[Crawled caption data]
============================================================
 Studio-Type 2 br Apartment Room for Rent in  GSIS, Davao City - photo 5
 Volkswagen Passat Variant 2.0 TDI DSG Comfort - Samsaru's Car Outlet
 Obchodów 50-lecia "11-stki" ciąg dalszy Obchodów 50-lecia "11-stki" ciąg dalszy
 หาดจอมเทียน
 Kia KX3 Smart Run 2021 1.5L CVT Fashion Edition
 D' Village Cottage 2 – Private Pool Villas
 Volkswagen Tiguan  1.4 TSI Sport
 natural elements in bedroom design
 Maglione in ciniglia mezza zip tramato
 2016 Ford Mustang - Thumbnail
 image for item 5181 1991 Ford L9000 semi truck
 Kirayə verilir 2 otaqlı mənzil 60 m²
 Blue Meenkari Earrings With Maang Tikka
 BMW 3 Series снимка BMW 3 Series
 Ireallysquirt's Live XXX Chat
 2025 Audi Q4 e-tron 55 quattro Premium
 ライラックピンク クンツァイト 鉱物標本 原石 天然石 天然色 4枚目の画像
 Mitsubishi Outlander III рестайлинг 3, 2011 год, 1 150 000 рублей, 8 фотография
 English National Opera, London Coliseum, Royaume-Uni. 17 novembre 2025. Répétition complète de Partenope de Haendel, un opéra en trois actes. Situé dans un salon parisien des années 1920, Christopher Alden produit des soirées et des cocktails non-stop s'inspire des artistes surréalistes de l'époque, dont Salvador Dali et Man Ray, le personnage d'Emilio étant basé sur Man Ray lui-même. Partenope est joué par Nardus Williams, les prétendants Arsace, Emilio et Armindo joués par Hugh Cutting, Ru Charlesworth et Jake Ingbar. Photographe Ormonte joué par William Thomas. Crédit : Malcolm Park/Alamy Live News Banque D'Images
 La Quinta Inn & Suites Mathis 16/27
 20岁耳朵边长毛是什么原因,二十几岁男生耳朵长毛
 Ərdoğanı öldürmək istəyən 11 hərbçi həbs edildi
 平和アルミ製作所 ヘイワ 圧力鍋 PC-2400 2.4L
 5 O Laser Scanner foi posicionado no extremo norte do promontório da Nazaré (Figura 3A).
============================================================
§ Work order: Could you restate, word for word, the lines above from the one with "Maglione in ciniglia mezza zip tramato" to the one with "Mitsubishi Outlander III", both included?

§ Response:
 Maglione in ciniglia mezza zip tramato
 2016 Ford Mustang - Thumbnail
 image for item 5181 1991 Ford L9000 semi truck
 Kirayə verilir 2 otaqlı mənzil 60 m²
 Blue Meenkari Earrings With Maang Tikka
 BMW 3 Series снимка BMW 3 Series
 Ireallysquirt's Live XXX Chat
 2025 Audi Q4 e-tron 55 quattro Premium
 ライラックピンク クンツァイト 鉱物標本 原石 天然石 天然色 4枚目の画像
 Mitsubishi Outlander III рестайлинг 3, 2011 год, 1 150 000 рублей, 8 фотография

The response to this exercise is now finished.